While applying linear models to human systems and their elements has improved our understanding of their structure and function, such models often fall short of explaining experimental results or predicting future abnormalities in complex nonlinear systems.

Starting from the fact that the periodontium is a complex system in the body, this paper demonstrates possible reflection of chaos theory and the concept of butterfly effect in the field of periodontology. The application of sub-antimicrobial-dose Doxycycline (SDD), as an initial turning point and a host modulator factor, to prevent further progression of the periodontal disease, has been briefly discussed, and a possible mathematical model for the action of SDD has been demonstrated as well.

Linear and nonlinear modeling will serve a complementary role in explaining simple and complex system behavior manifest within human systems. Knowledge of chaos may also prove valuable in managing illness.

Key words

 periodontal disease, chaos, butterfly effect, models

Introduction

In general, behavior of any system in the nature is distinct from the behavior of its parts or elements. These elements interact with each other directly and indirectly to modulate the system function.
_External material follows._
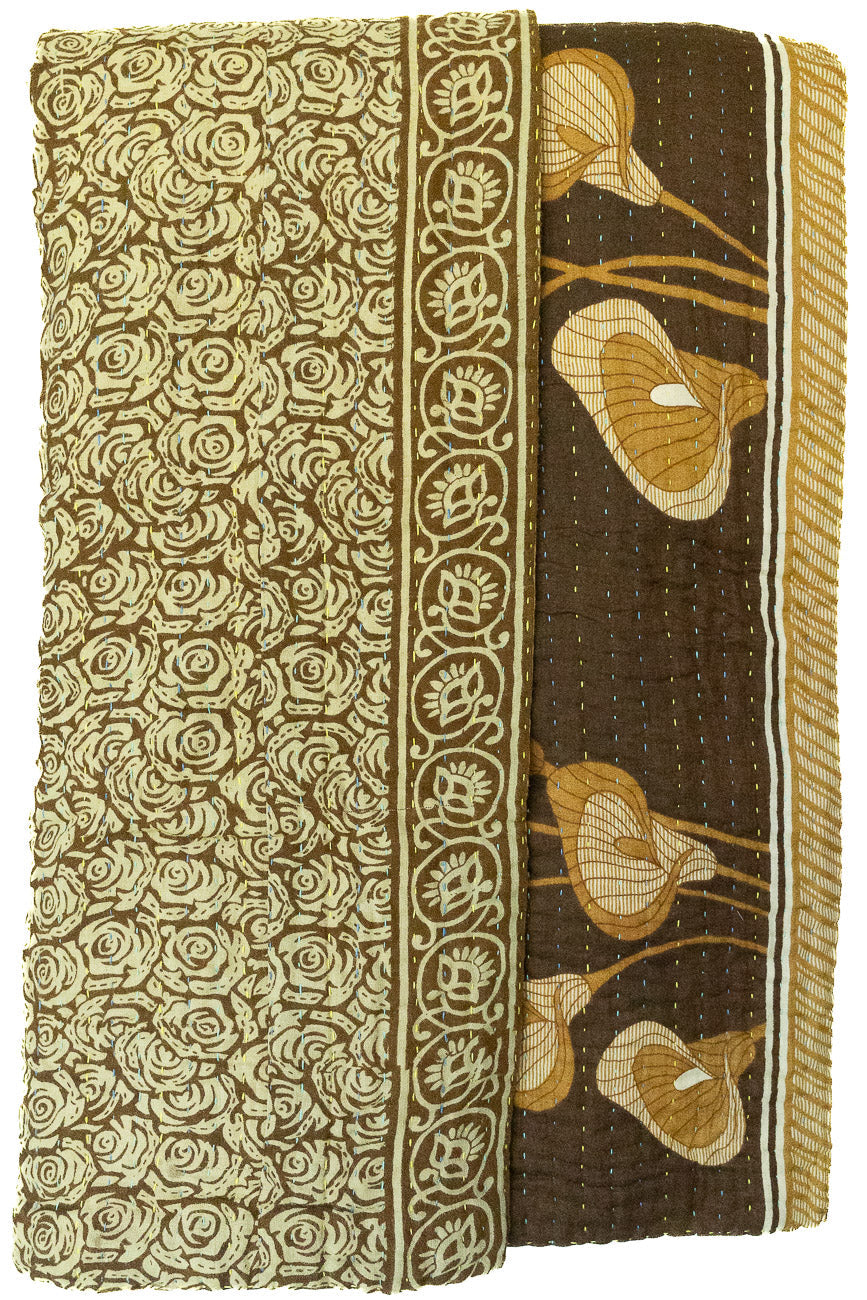 Kantha Throw Bed Quilt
The mechanistic view of nature involves reducing systems into their component parts (elements) in an attempt to understand them [1]. This is the basis of linear system analysis, where output is proportional to or can be determined through applying simple differential equations to the input.

Yet systems within nature, including the human body, frequently lack mechanical periodicity or linear dynamics and thus are referred to as nonlinear systems [2]. Within nonlinear systems, output is usually not proportional to input, and output for the same input value may not be constant over time. Furthermore, in contrast to linear systems, breaking a nonlinear system down into its elements and analyzing those parts under controlled conditions does not accurately reflect the complex behavior present, nor capture the dynamic relationships operating between various elements [3,4].
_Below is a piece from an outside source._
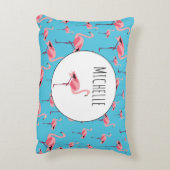 熱帯の夏ピンクのフラミンゴパターン アクセントクッション (裏面(縦))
The periodontium as a unique system

The periodontium is a supporting structure that surrounds and supports the teeth. It consists of different tissues including the gingiva, the cementum, the periodontal ligament, and the alveolar supporting bone. As a unique "system", the periodontium is a collection of interacting elements.

In general, system behavior may be simple or complex, static or dynamic. Simple systems follow basic rules; thus with knowledge of the elements that form the system and the rules that govern them, one can accurately predict the system behavior under various conditions. However, complex nonlinear systems, such as the periodontium, have been defined as "systems or wholes consisting of an extremely large and variable number of component parts, where the individual components display marked variability over time, and are characterized by a high degree of connectivity or interdependence between variables" [5]. Rather than exhibiting random behavior, most complex nonlinear systems will tend towards and manifest certain states more often, called "attractors." This leads to "Emergence," which describes the order that arises from what on initial inspection appears to be disorder, further, such emergence can arise from local and simple rules within the system [6].

The periodontal ligament, for example, encounters several types of cells (e.g. osteoblasts, cementoblasts, fibroblasts, stem cells) that interact with each other by means of messengers or signals (immunoglobulins, cytokines, interleukins). This system is forever in a state of flux, with complex offensive and defenses maneuvers mounted against a foray of invaders. Even when exposed to an identical stimulus, this system can respond differently and various behaviors emerge depending on multiple external and internal influences.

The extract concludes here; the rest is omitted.